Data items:
——

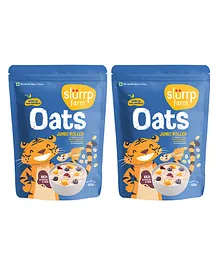 Slurrp Farm Wholegrain Jumbo Rolled Oats High In Protein and Fibre 500 gm Pack of 2
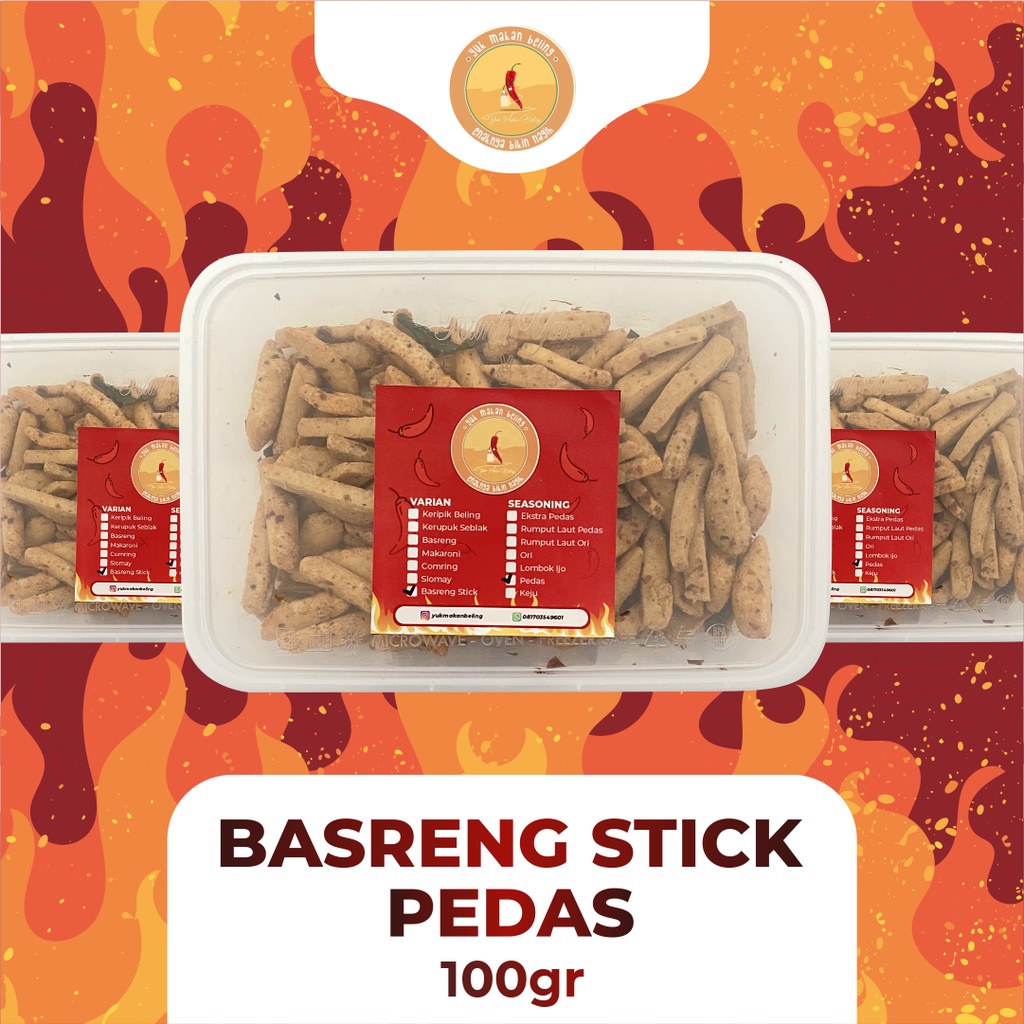 Basreng Stick / Baseng Viral Daun Jeruk 100gr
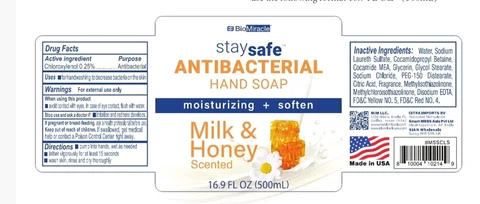 BioMiracle staysafe ANTIBACTERIAL HANDSoap 포장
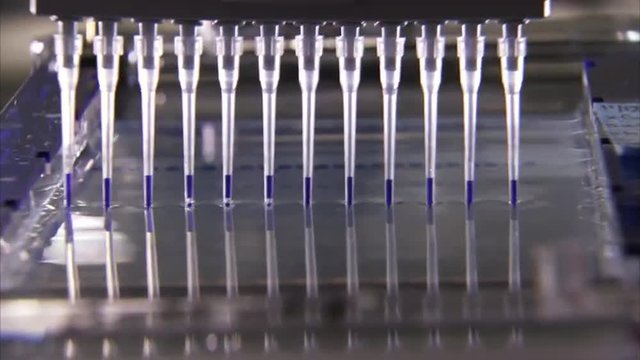 At the U.S. Government&rsquo;s Genome Sequencing Center, DNA is analyzed in the lab.
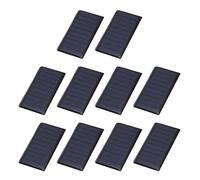 sourcing map 10Pcs 5V 0.3W 60mA Mini Solar Panels, Small Solar Photovoltaic Power Cells Charge DIY Electric Toy Materials Kits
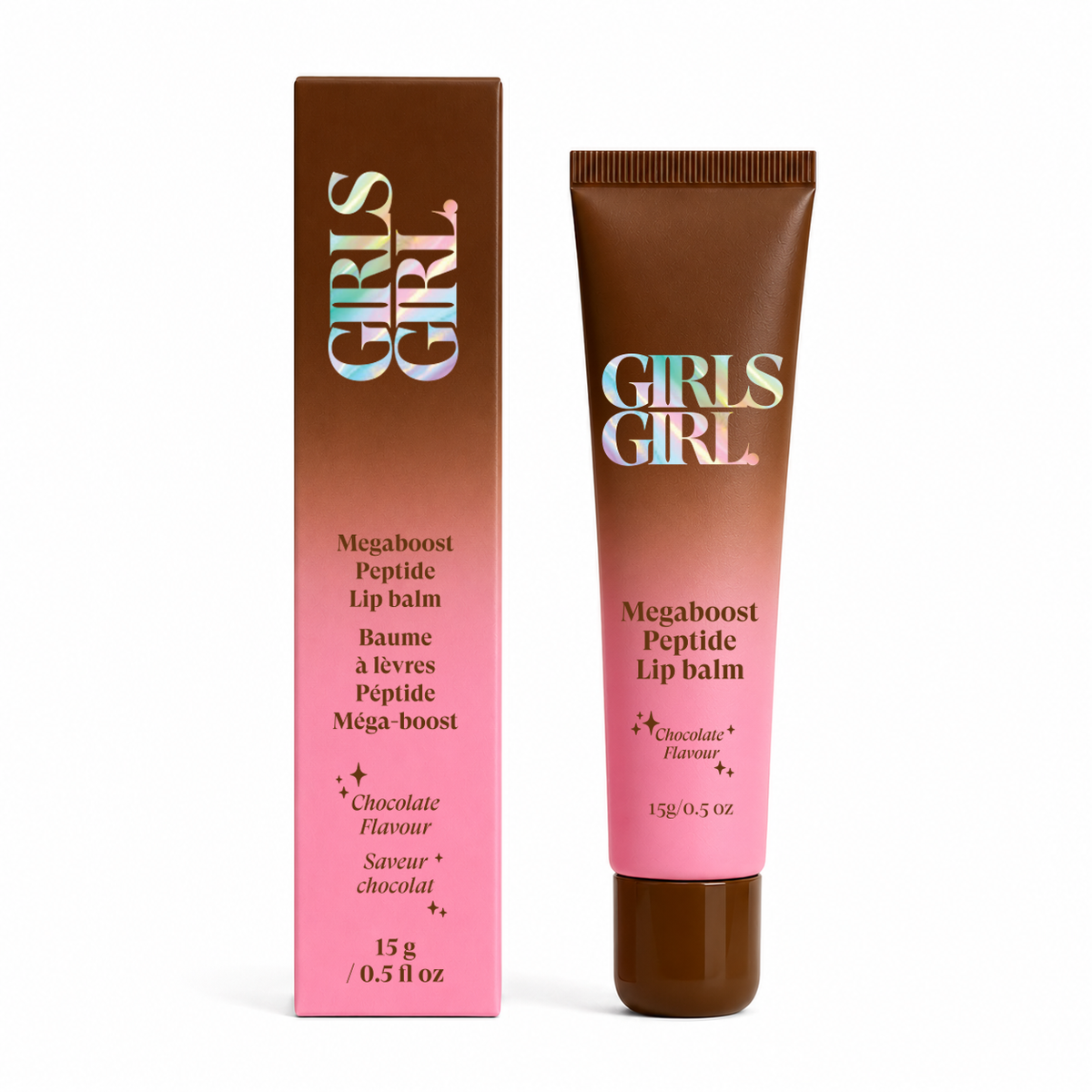 Megaboost Peptide Lip Balm - Chocolate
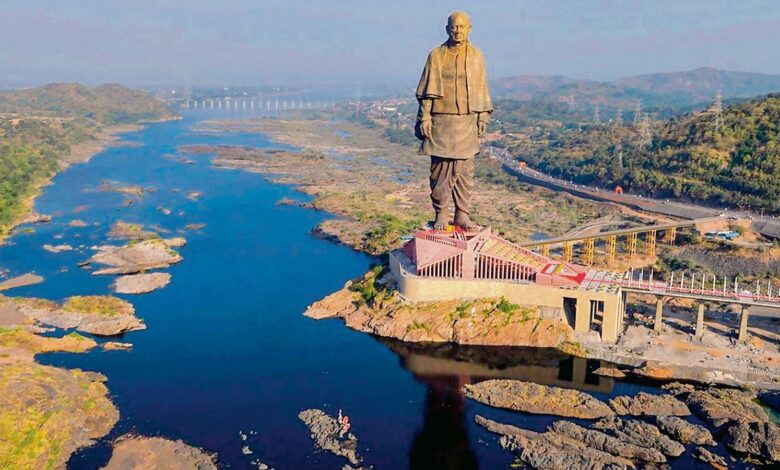 Gujarat rains wreak havoc: Road from Vadodara to Statue of Unity collapses | Watch viral video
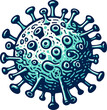 © jeong - Virus illustration created by artificial intelligence.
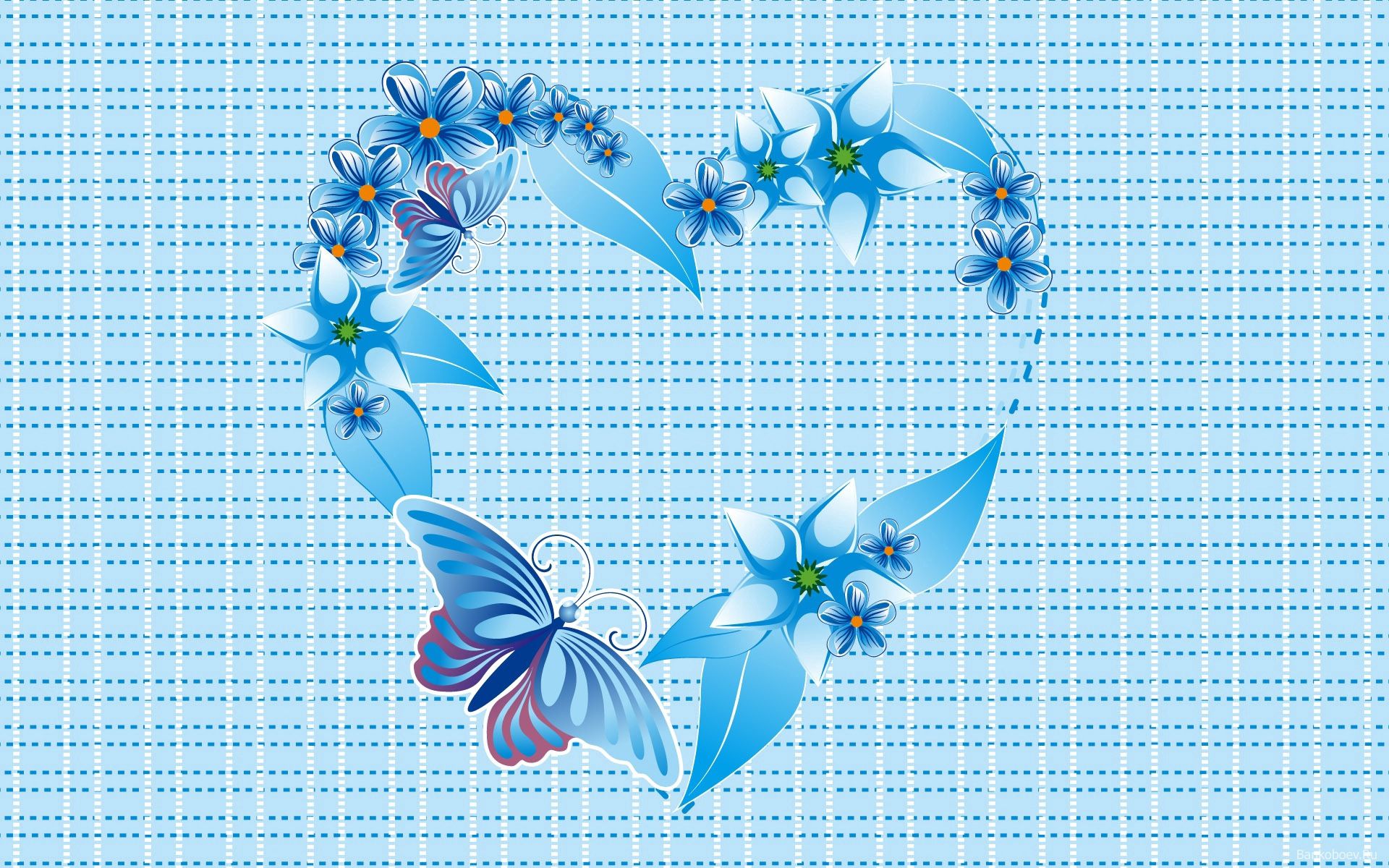 form, patterns, love, blue, cells, heart mobile wallpaper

——

▸ **WORK INSTRUCTIONS**: In the entries above, find the line containing "Basreng Stick /" and the line containing "sourcing map 10Pcs", then copy both and every line between them exactly, without any picture.

▸ **WRITTEN ANSWER**:
 Basreng Stick / Baseng Viral Daun Jeruk 100gr
 BioMiracle staysafe ANTIBACTERIAL HANDSoap 포장
 At the U.S. Government&rsquo;s Genome Sequencing Center, DNA is analyzed in the lab.
 sourcing map 10Pcs 5V 0.3W 60mA Mini Solar Panels, Small Solar Photovoltaic Power Cells Charge DIY Electric Toy Materials Kits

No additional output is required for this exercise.